ADZ adsteam marine limited

screaming buy, page-6

  1. 635 Posts.
    re: screaming buy - not consencus recommendation << It's not that towage has suddenly become a dynamic industry - volumes are flat at best - its about unlocking value by cost cutting and efficiency gains and better use of the company's strong cash flow" >>

    Arthur,
    I just read the attached article about import/export.

    SALOMON SMITH BARNEY are right that volumes are flat at best, but that begs the question about "strong cash flow"
    My reading of the attached is that volumes must go down and revenue must then follow.
    Any comments ???

    Regards Henrik
    ==========================================

    Australian imports fall in May
    18/06/03 By: Geoff Kendrick

    May merch. Imports AUD10.4bn (WBC s/a est AUD10.6bn)

    In original terms merchandise imports fell by 5.1% in May. Once the data is seasonally adjusted – by Westpac – imports fell 7.6%.

    The drought is restricting rural export volumes and lower AUD commodity prices in May will affect export value. However, the May trade deficit is expected to fall from AUD31.bn to AUD2.4bn.

    The SARS virus is expected to be positive for the services balance in May. On the export side we believe that the large falls in March and April have fully captured the SARS related downturn, whereas services imports have yet to decline.

    We estimate that imports of goods fell 7.6% in May in seasonally adjusted terms. The fall, which occurred mainly in consumption and capital goods, may be explained by a correction to the April spike in car imports. We forecast that total imports of goods and services will fall by 7.0% in May, with the impact of SARS to finally appear in the data for services imports (primarily overseas travel). This is expected to show up as a revision to April’s data or as a fall in May. In either case the May result for services imports is expected to be lower than the current estimate for April.

    Due to lower commodity prices and a continuation of weak rural exports we expect total exports to fall around 2.5% in the month. This will see the trade deficit decline from AUD3.1bn to around AUD2.4bn.

    The risk to our forecast lies on the export side. Non-rural exports fell 9.0% in April.
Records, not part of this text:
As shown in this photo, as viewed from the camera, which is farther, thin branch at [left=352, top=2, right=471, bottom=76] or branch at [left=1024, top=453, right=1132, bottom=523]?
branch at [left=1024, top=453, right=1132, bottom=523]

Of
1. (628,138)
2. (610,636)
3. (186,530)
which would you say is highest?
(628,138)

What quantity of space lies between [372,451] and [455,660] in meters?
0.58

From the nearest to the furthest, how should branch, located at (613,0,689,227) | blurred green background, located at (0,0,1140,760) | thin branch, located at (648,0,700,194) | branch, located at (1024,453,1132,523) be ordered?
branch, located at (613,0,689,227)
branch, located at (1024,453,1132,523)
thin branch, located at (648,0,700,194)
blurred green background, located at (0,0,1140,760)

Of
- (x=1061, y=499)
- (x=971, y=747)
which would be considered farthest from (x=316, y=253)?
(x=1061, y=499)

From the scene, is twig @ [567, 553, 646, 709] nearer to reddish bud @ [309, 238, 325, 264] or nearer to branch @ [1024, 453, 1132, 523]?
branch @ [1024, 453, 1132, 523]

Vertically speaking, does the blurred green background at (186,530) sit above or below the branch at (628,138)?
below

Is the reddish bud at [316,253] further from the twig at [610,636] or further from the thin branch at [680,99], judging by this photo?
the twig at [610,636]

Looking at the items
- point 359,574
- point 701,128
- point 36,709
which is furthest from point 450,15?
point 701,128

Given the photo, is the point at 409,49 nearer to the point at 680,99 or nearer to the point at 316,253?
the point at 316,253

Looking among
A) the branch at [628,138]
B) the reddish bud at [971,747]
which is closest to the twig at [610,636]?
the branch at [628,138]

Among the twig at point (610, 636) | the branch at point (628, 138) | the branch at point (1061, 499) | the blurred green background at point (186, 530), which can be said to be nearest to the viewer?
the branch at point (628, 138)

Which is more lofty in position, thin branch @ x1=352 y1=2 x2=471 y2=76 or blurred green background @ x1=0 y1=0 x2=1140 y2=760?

The 1.3% fall in the RBA’s non-rural commodity price series in that month implies that most of this decline was in vo9lumes. Our research suggests that part of this volume decline was simply a timing issue with some shipments pushed into May. Therefore, our May trade balance forecast includes a slight improvement in non-rural export volumes, but when combined with a 4.2% fall in the AUD RBA non-rural price series, non-rural exports will still fall in value terms.

    In addition, we anticipate a flattening out of rural export volumes following substantial decline over the last six months. This will see rural exports fall in value terms as the RBA AUD rural price series fell 11.0% in the month. The risk is that a further fall in grain exports and weaker meat exports could see total exports fall by more than our forecast 2.5%.